Представляются неосновательными и высказанные позднее на XIX партконференции претензии на особую роль группы членов Политбюро в избрании Горбачёва в марте 1985 года Генеральным секретарём ЦК КПСС. Их подтекст был довольно прозрачным: «Мы тебя сделали генсеком, мы, в случае чего можем и скинуть». Конечно, Лигачёвым как секретарём и заведующим Орготделом ЦК осуществлялись контакты с членами ЦК, особенно руководителями местных организаций, но они могли лишь выявить сложившийся в партийном общественном мнении консенсус по вопросу о том, кому быть Генеральным секретарём. И заседание Политбюро, и Пленум ЦК прошли в обстановке согласия при полной поддержке кандидатуры Горбачёва. Логичным было и «забойное» выступление Громыко как наиболее авторитетного члена Политбюро, к тому же принадлежавшего к старой гвардии руководителей. Да и кому же было выступать с таким предложением, ведь не Тихонову же, не обладавшему ни влиянием, ни авторитетом. Характерно, что в поддержку Горбачёва выступил и Гришин — единственный потенциальный, но не состоявшийся претендент.

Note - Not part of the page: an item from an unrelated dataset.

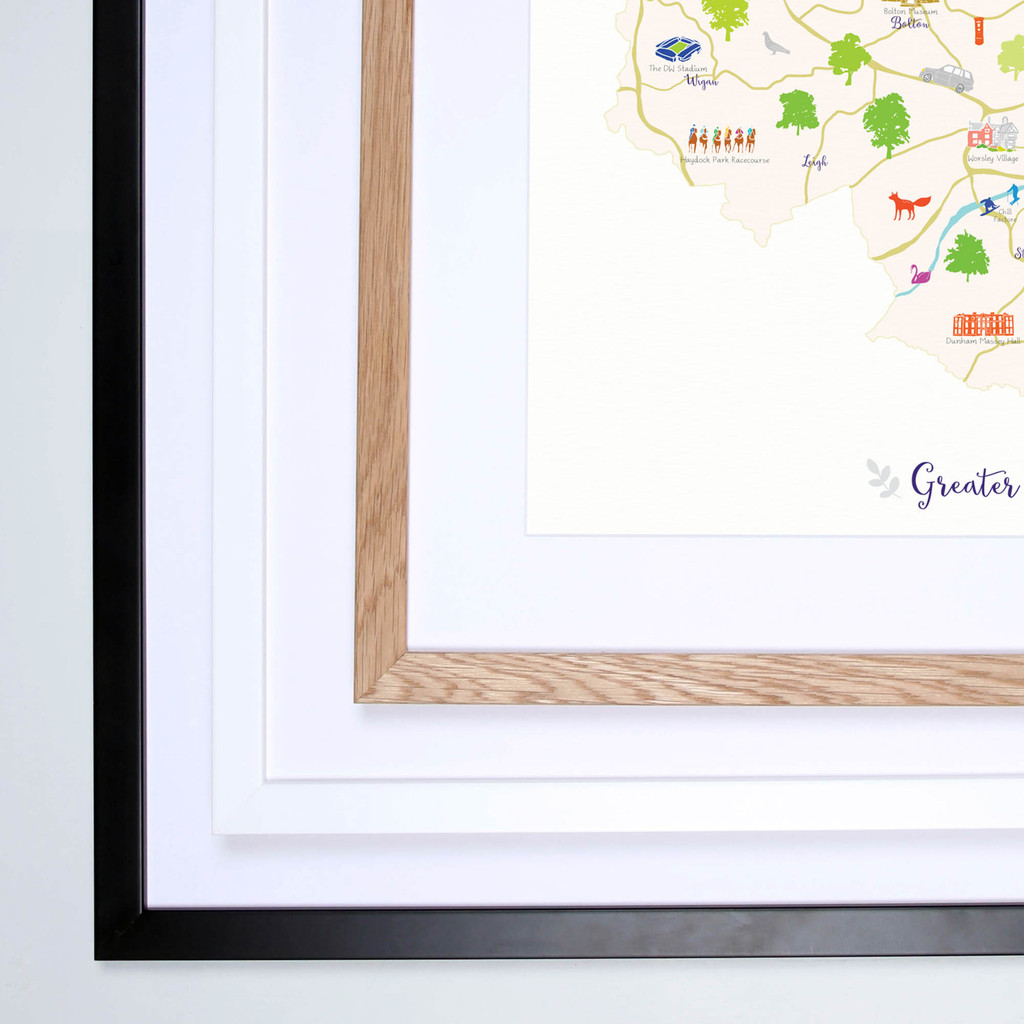 Map of Greater Manchester in North West England framed print illustration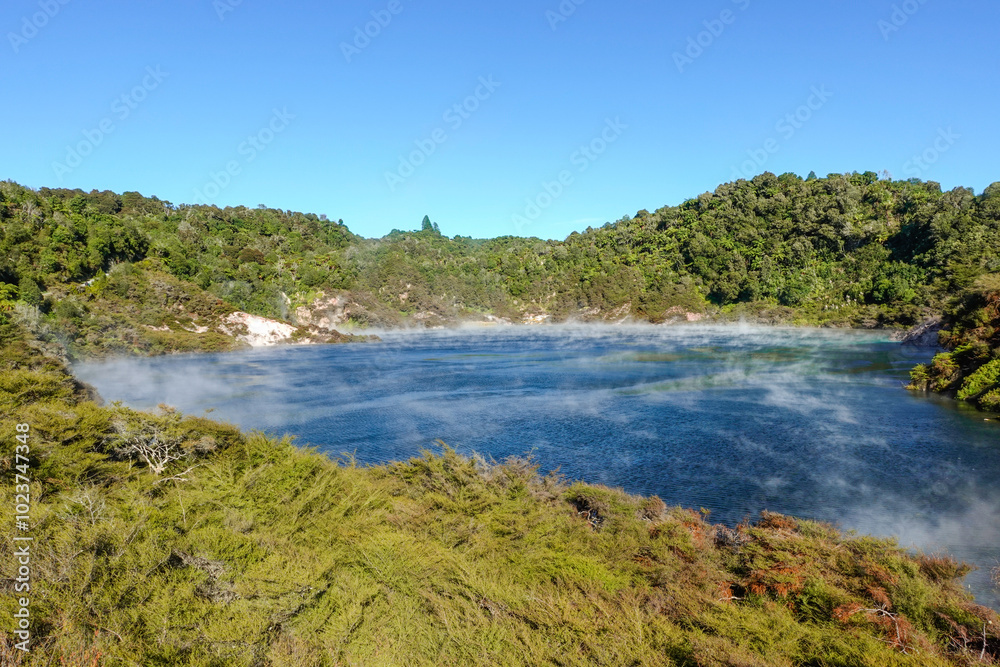 Frying pan lake in Waimangu Volcanic Rift Valley, New Zealand Frying pan lake in Waimangu Volcanic Rift Valley, New Zealand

В эти дни и ночи я вместе с другими помощниками Горбачёва помогал ему в подготовке материалов для выступлений, в том числе его первой речи в качестве вновь избранного Генерального секретаря на Пленуме ЦК КПСС 11 марта 1985 года. Значение этой речи, с моей точки зрения, недооценено. Она, конечно, была сравнительно короткой и не обошлась без ритуальных слов в адрес предшественника.
Прозвучали заверения в неизменности «стратегической линии партии», но суть этой линии была выражена уже по-новому: «ускорение социально-экономического развития страны, совершенствование всех сторон жизни общества». Дано сжатое и достаточно ёмкое раскрытие этой линии. Здесь и решающий поворот в переводе народного хозяйства на рельсы интенсивного развития, и совершенствование хозяйственного механизма, и социальная справедливость, и углубление социалистической демократии, совершенствование всей системы социалистического самоуправления народа, и решительные меры по дальнейшему наведению порядка, и расширение гласности в работе партийных, советских, государственных и общественных организаций, и курс мира и прогресса в области внешней политики. Конечно, это была ещё не развёрнутая программа действий, да такая программа на данном Пленуме была бы немыслимой, но уже был сгусток идей, который дальше получил развернутое изложение и обоснование.
Н. Рыжков:
— День был воскресный, выходной, я рассеянно смотрел какой-то древний фильм по телевизору, ждал программу «Время», когда мне позвонили из ЦК и, скороговоркой сообщив о смерти генсека, пригласили срочно прибыть в Кремль.
Когда я заявился в «предбанник» перед залом заседаний Политбюро, там уже толклись взволнованные секретари. Долгих, Русаков, Капитонов, ещё кто-то… Взволнованы они были отнюдь не фактом кончины Черненко — её ждали, чего зря лицемерить! — но предстоящей повесткой Политбюро. Помню, кто-то спросил неуверенно: не слишком ли быстро собираемся, может, стоит хотя бы из приличия выждать денёк? А кто-то ответил: нельзя терять ни минуты, надо такие вопросы решать с ходу, промедление смерти подобно…
Странная штука — человеческая память! Не могу вспомнить, кто вёл этот разговор, но он прочно застрял в памяти, едва ли не дословно, потому что и вправду выражал общее психологическое состояние накануне заседания Политбюро. Мы фантастически устали ждать.
По ритуалу, с незапамятных времён принятому в Кремле, секретари ЦК и кандидаты в члены ПБ собирались в официальной приёмной (это её я назвал «предбанником») перед залом заседаний. По его другую сторону располагалась так называемая «Ореховая комната» (там и впрямь стояла орехового дерева мебель), что разделяла зал заседаний и кабинет генсека.